Steve Meserve shows off shad in Lambertville. Kim Weimer, staff photographer

A big shad run up the Delaware River this year has many excited the historic fish could be making a comeback. But others urge caution, saying the fish has a long way to go.

Kyle Bagenstose reports for the Bucks Courier-Times:
The number of shad — little-known but important fish — increased dramatically in the Delaware River in 2017, leading to the fish’s best migratory showing in decades.
That’s according to the New Jersey Department of Environmental Protection, which netted 1,262 shad during its surveying this year, the most since 1995.
But some fish watchers are urging caution. They note that it’s just one year in a long history of declining shad populations along the Atlantic Coast.
“We don’t want to make too much of any one year, in any one place,” said Joseph Gordon, Northeast manager for U.S. oceans with the nonprofit Pew Charitable Trusts.
Many area residents may best know the fish through Shad Fest, an event held each spring in New Hope and Lambertville.
Shad Fest gives participants a taste of the fish, as restaurants serve up shad hauled in by local fishermen.
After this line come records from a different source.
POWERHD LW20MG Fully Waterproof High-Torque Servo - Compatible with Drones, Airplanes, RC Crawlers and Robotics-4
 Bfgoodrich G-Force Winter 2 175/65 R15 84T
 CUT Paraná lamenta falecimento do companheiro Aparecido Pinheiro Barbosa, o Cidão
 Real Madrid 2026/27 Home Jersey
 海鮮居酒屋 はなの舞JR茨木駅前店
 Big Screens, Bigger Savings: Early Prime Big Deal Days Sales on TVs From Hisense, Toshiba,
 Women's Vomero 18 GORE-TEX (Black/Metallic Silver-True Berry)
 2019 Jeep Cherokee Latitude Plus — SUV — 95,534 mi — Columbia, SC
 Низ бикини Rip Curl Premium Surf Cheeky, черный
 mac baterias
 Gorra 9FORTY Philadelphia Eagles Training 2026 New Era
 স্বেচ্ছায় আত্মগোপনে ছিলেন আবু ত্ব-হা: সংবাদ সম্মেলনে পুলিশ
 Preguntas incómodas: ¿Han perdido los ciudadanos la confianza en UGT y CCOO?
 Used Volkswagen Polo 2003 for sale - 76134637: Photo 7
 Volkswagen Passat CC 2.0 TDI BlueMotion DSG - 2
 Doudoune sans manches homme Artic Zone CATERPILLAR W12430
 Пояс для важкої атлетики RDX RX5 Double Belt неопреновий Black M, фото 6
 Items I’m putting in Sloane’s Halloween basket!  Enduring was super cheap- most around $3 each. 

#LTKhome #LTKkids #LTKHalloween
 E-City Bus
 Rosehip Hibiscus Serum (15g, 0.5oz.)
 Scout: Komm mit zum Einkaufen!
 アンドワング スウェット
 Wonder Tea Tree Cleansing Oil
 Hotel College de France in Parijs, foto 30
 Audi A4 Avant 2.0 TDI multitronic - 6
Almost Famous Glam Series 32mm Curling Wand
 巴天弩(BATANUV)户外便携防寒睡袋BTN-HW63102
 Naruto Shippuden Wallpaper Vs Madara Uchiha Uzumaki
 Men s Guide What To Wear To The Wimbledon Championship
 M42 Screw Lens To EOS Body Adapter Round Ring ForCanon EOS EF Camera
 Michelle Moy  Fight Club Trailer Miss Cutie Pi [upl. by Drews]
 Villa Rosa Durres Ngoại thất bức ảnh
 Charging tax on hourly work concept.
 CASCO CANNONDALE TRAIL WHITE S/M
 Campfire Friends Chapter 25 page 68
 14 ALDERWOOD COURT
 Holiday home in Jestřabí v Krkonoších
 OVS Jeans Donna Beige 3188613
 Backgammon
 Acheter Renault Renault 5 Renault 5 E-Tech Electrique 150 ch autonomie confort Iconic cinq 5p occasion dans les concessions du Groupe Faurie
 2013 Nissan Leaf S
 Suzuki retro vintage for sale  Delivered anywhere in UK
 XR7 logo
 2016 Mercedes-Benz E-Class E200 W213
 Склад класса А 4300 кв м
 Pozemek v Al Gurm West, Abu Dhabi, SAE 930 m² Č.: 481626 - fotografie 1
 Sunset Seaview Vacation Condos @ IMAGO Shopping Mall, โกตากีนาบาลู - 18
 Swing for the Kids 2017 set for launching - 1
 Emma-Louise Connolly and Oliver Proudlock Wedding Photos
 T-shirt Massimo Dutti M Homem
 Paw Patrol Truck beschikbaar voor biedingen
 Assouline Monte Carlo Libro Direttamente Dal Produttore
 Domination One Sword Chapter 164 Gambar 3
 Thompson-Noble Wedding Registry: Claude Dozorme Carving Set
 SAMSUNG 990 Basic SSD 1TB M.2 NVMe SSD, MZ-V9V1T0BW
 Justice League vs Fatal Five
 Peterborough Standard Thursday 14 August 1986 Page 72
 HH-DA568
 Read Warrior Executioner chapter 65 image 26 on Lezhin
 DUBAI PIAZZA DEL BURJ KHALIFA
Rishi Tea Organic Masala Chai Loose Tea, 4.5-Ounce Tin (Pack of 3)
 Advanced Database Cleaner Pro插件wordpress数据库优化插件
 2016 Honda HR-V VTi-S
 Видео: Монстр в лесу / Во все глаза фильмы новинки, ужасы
Like salmon, shad spend most of their lives at sea but migrate up fresh waterways to spawn once a year.
That makes them an integral part of the ecosystem, providing an important food source for saltwater and freshwater predators.
“They take important nutrients from off-shore ecosystems and bring them into rivers,” Gordon said. “There’s this crucial link that connects the ocean to river systems, which could be recovered but is mostly gone.”
Shad were once so abundant in the Delaware that numerous fisheries in Bucks County and beyond employed fishermen who caught and shipped them to restaurants in Philadelphia and New York City. But mid-20th-century pollution prevented shad from migrating up the Delaware, dropping their migratory numbers from the millions to zero, with a modest recovery in recent decades.